## Supplied records

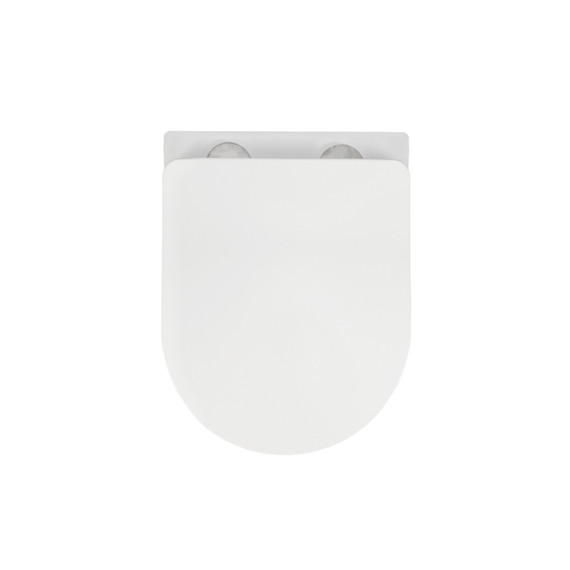 Инсталляция с подвесным безободковым унитазом AN Atria сиденье микролифт, крепление (система смыва Торнадо) фото 6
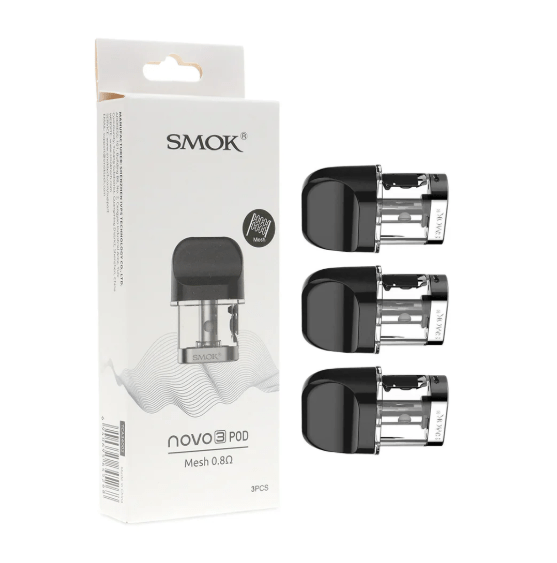 SMOK NOVO 3 Replacement Pods 2ML Replacement Pods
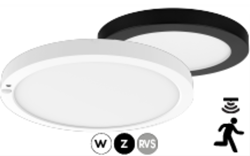 Pragmalux op/inbouw armatuur LUNA G2 - IP44 - PIR Beweginssensor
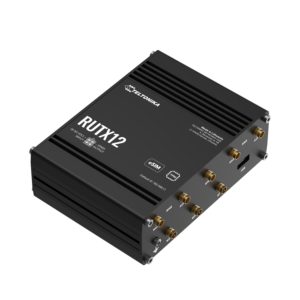 Teltonika RUTX12 - Router Celular Industrial Dual LTE Cat 6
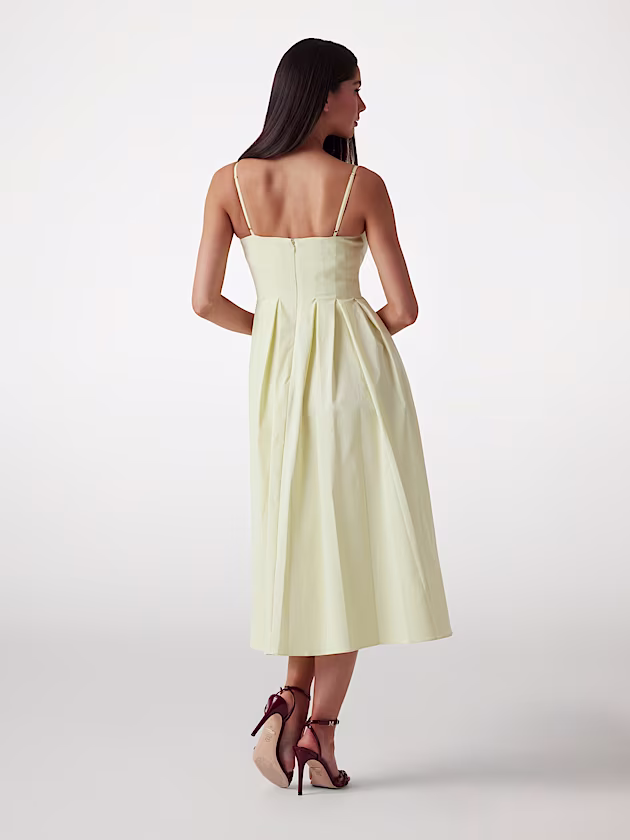 Midi dress with pinces - GUESS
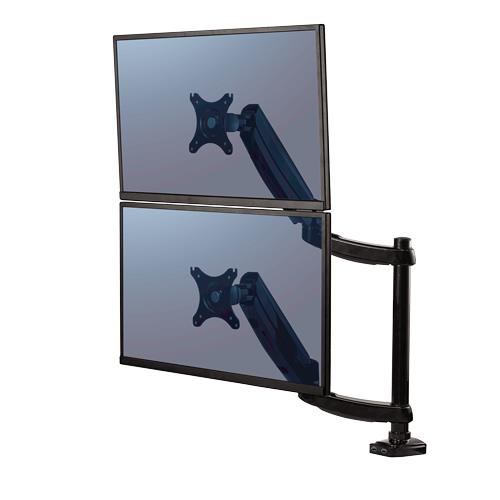Fellowes 8043401 monitor mount / stand 68.6 cm (27") Clamp Black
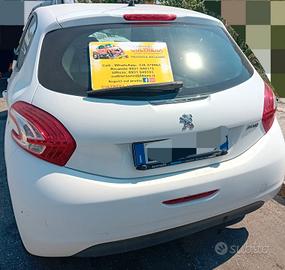 RICAMBI VARI PEUGEOT 208 ANNO 2015 CC 1.4 B/GPL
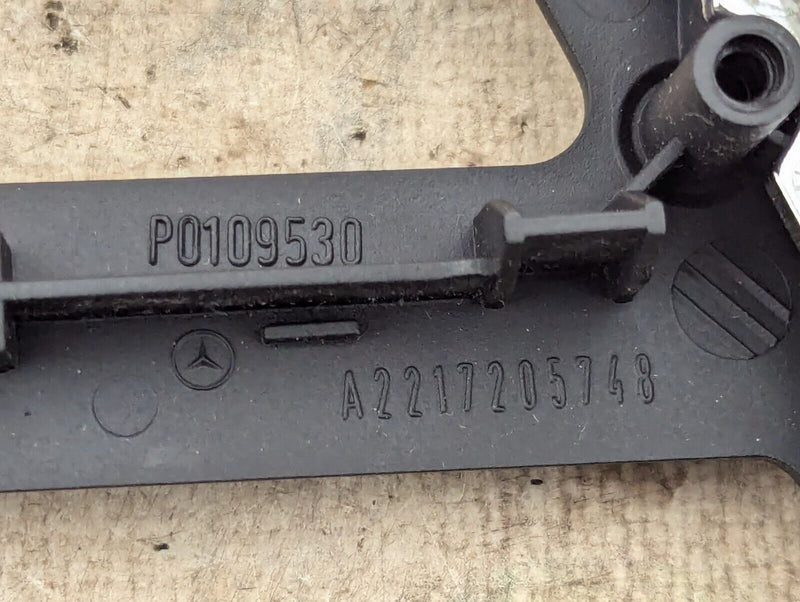 MERCEDES S CLASS W221 06-13 FRONT LEFT N/S INNER DOOR HANDLE TRIM A2217205748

## Exercise instructions
Every entry above should be restated word for word, with the images left out.

## Task result
 Инсталляция с подвесным безободковым унитазом AN Atria сиденье микролифт, крепление (система смыва Торнадо) фото 6
 SMOK NOVO 3 Replacement Pods 2ML Replacement Pods
 Pragmalux op/inbouw armatuur LUNA G2 - IP44 - PIR Beweginssensor
 Teltonika RUTX12 - Router Celular Industrial Dual LTE Cat 6
 Midi dress with pinces - GUESS
Fellowes 8043401 monitor mount / stand 68.6 cm (27") Clamp Black
 RICAMBI VARI PEUGEOT 208 ANNO 2015 CC 1.4 B/GPL
 MERCEDES S CLASS W221 06-13 FRONT LEFT N/S INNER DOOR HANDLE TRIM A2217205748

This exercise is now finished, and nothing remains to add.